Work task
Would you return the listing that follows exactly, leaving its pictures behind?

Dataset section
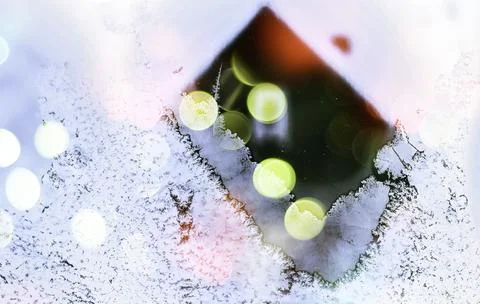 Decorative frost forms intricate patterns on glass, contrasting with soft, co 写真素材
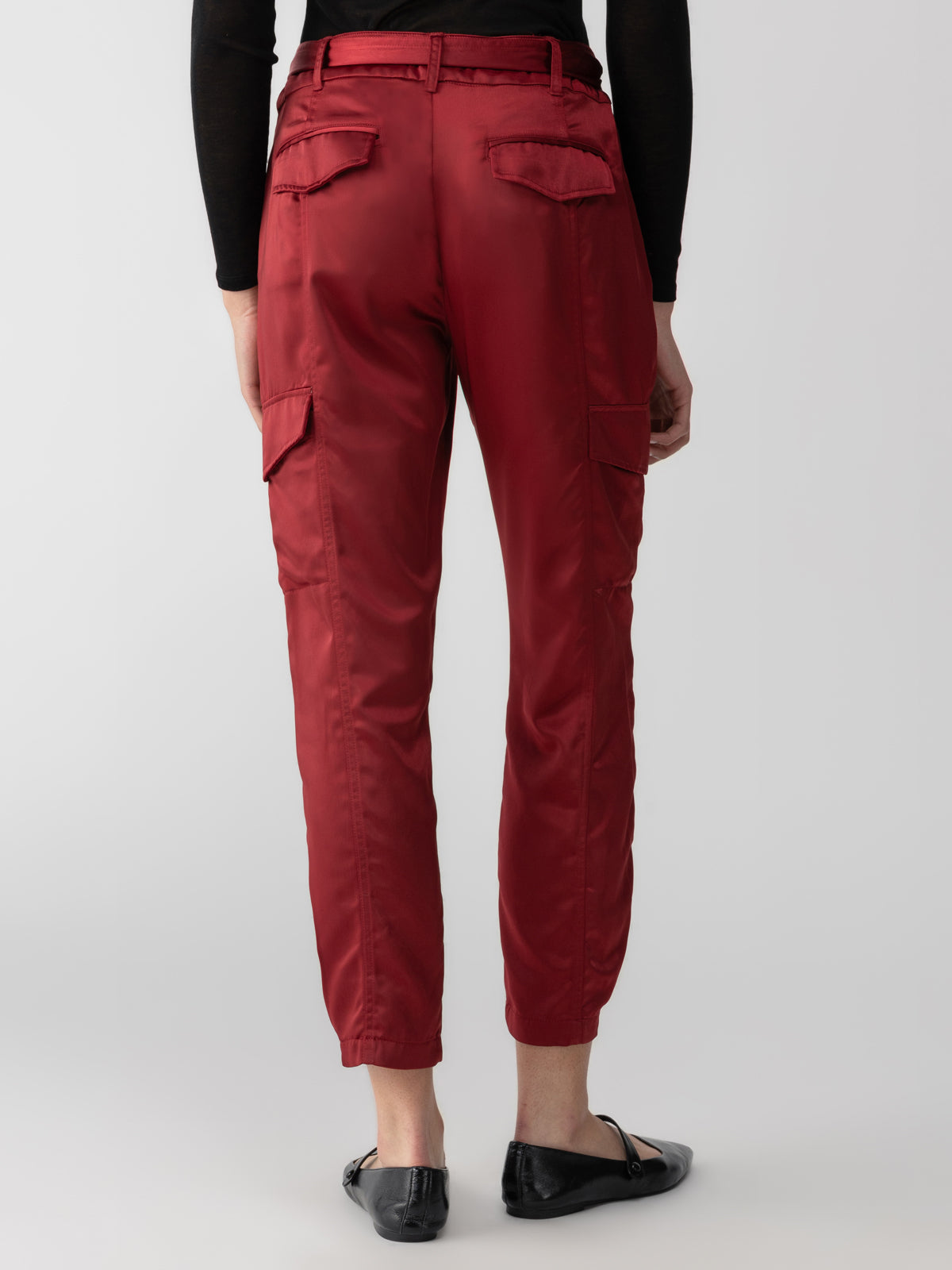 A person is standing with their back to the camera, wearing Sanctuary Clothing's Classy Cargo Trouser Garnet and black shoes. The trousers feature multiple pockets on the back and sides. The person is also wearing a black long-sleeve top against a plain, light gray background.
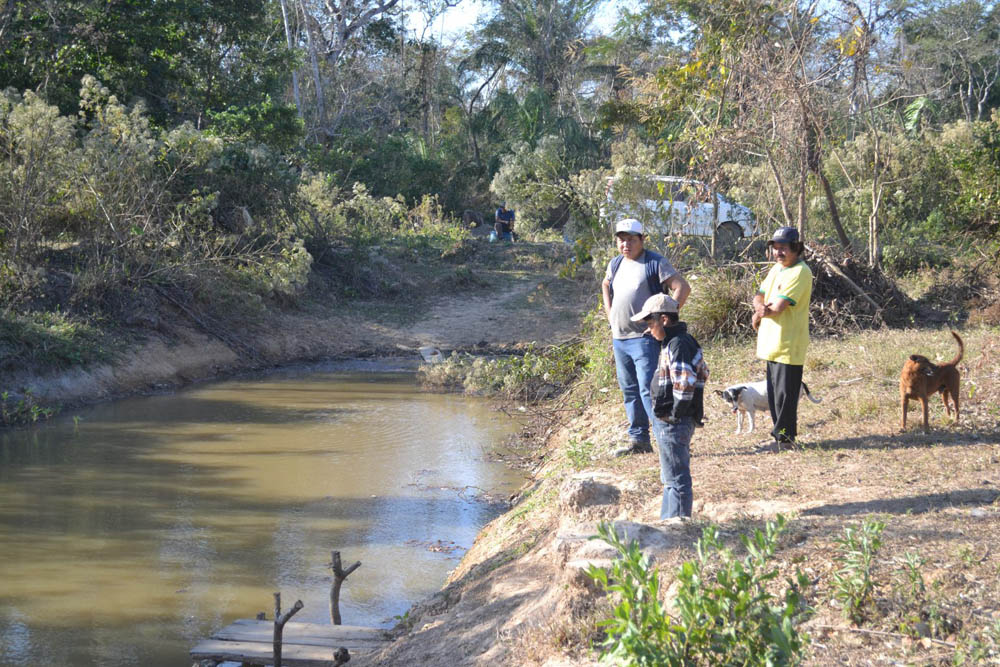 8Gilberto con su hijo y un comunario al borde del arroyo de su comunidad.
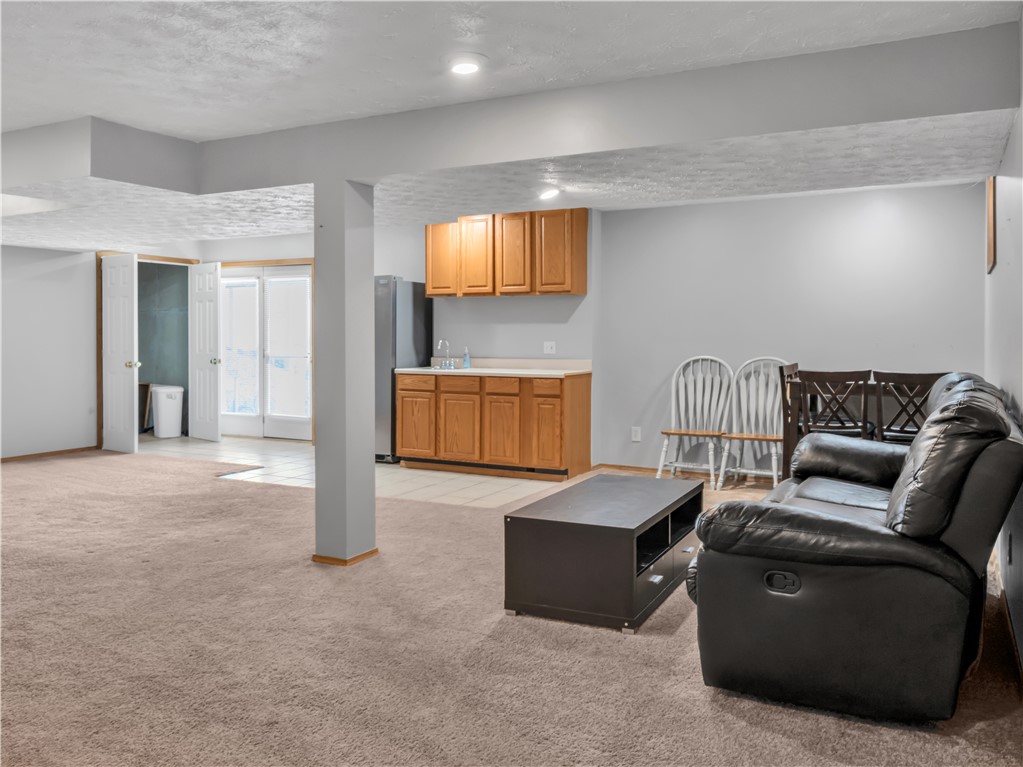 25 Callaway Springboro, OH 45066 - Photo 37 of 51 This versatile basement offers ample space and includes a convenient wet bar area.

Response to the exercise
 Decorative frost forms intricate patterns on glass, contrasting with soft, co 写真素材
 A person is standing with their back to the camera, wearing Sanctuary Clothing's Classy Cargo Trouser Garnet and black shoes. The trousers feature multiple pockets on the back and sides. The person is also wearing a black long-sleeve top against a plain, light gray background.
 8Gilberto con su hijo y un comunario al borde del arroyo de su comunidad.
 25 Callaway Springboro, OH 45066 - Photo 37 of 51 This versatile basement offers ample space and includes a convenient wet bar area.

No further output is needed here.